[Opening Data section]
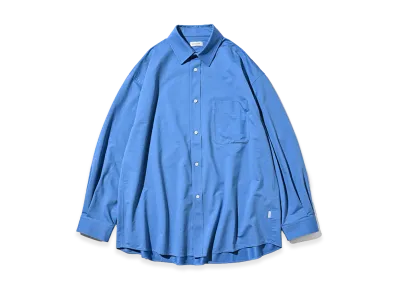CLESSTE 46G Knit Everyday L/S Shirt "Sax Blue"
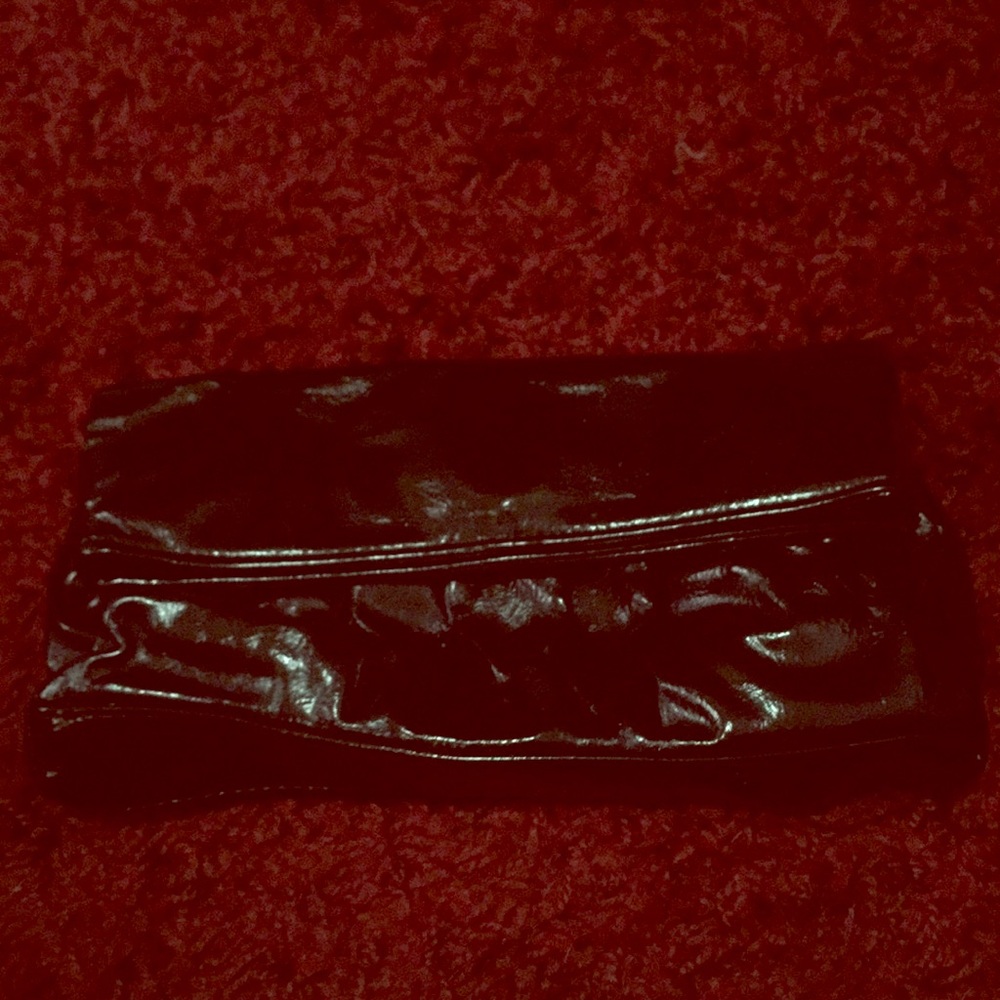 💋Black fold over clutch ❤️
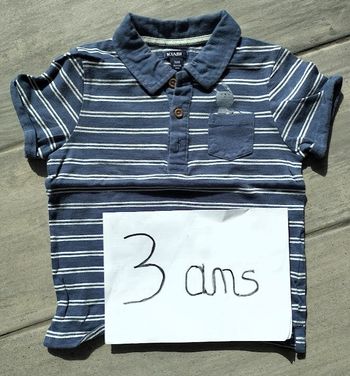 Lot n° 474 Polo manches courtes Kiabi 3 ans
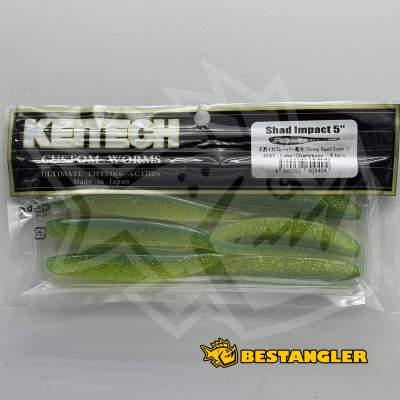 Keitech Shad Impact 5" Lime / Chartreuse - #424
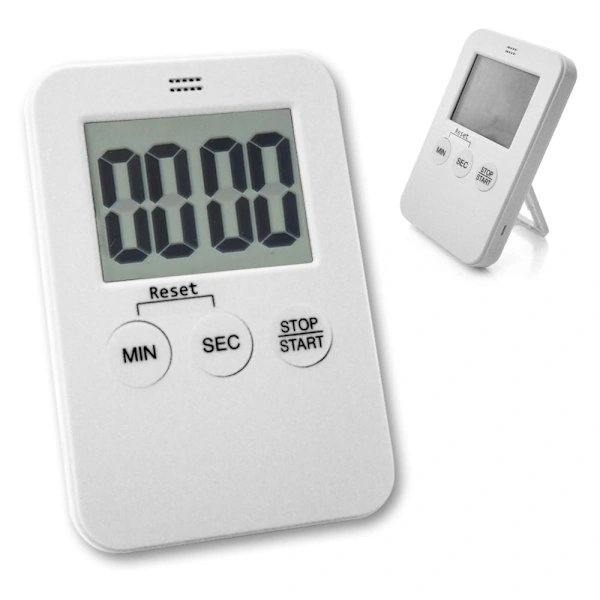 Digital Timer med Magnet - Kjøkkentimer Hvit Vit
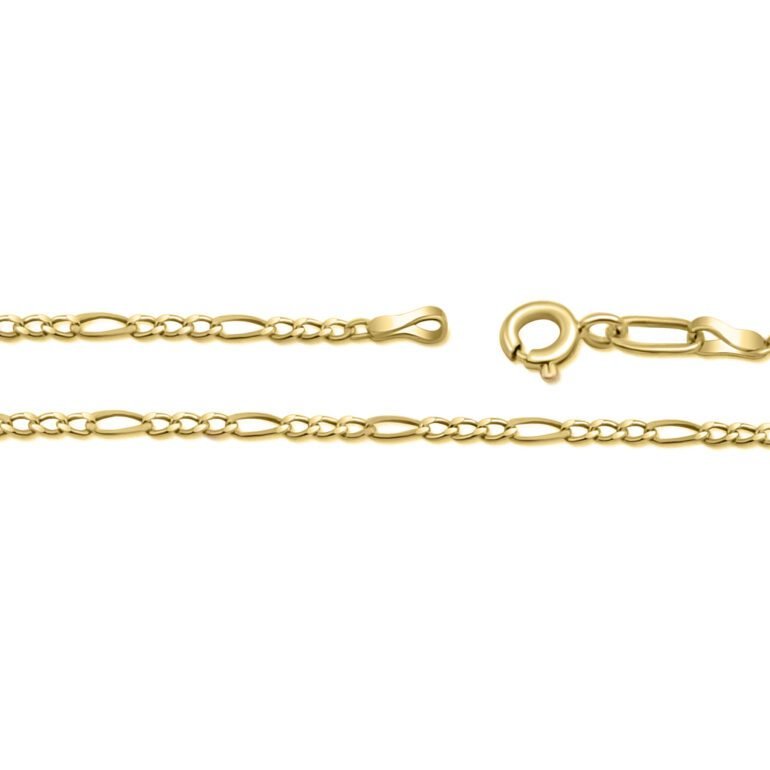 14ct yellow gold chain "Figaro"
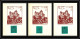 85584/ Maury N°4/6 Grève De Saumur 1953 Vert Foncé Sur 3 Cartes Anniversaire Chateau Castle RR - Altri & Non Classificati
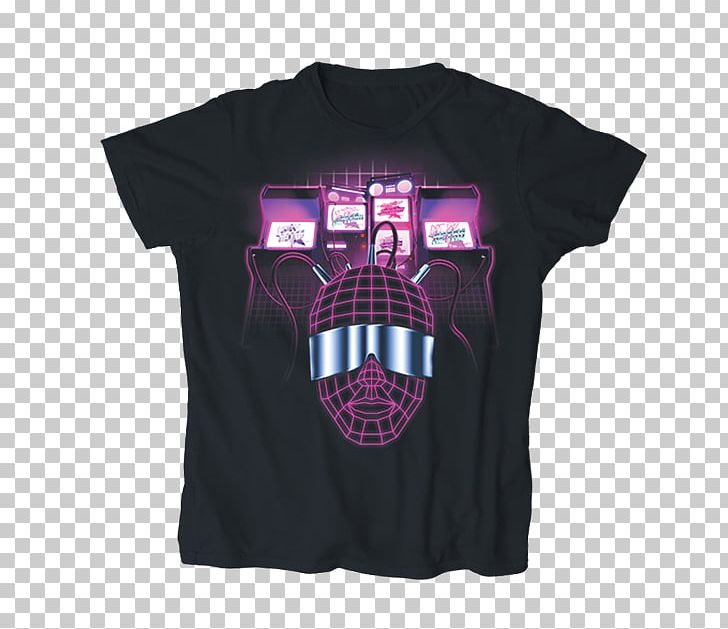 T-shirt Vaporwave Synthwave Aesthetics PNG, Clipart, Aesthetics, Black, Brand, Clothing, Logo Free PNG Download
[Closing Data section]
— Assignment —
Print only the lines running from the one containing "over clutch ❤️" to the end of the data above, exactly; include no pictures.

— Response —
 💋Black fold over clutch ❤️
 Lot n° 474 Polo manches courtes Kiabi 3 ans
 Keitech Shad Impact 5" Lime / Chartreuse - #424
 Digital Timer med Magnet - Kjøkkentimer Hvit Vit
 14ct yellow gold chain "Figaro"
 85584/ Maury N°4/6 Grève De Saumur 1953 Vert Foncé Sur 3 Cartes Anniversaire Chateau Castle RR - Altri & Non Classificati
 T-shirt Vaporwave Synthwave Aesthetics PNG, Clipart, Aesthetics, Black, Brand, Clothing, Logo Free PNG Download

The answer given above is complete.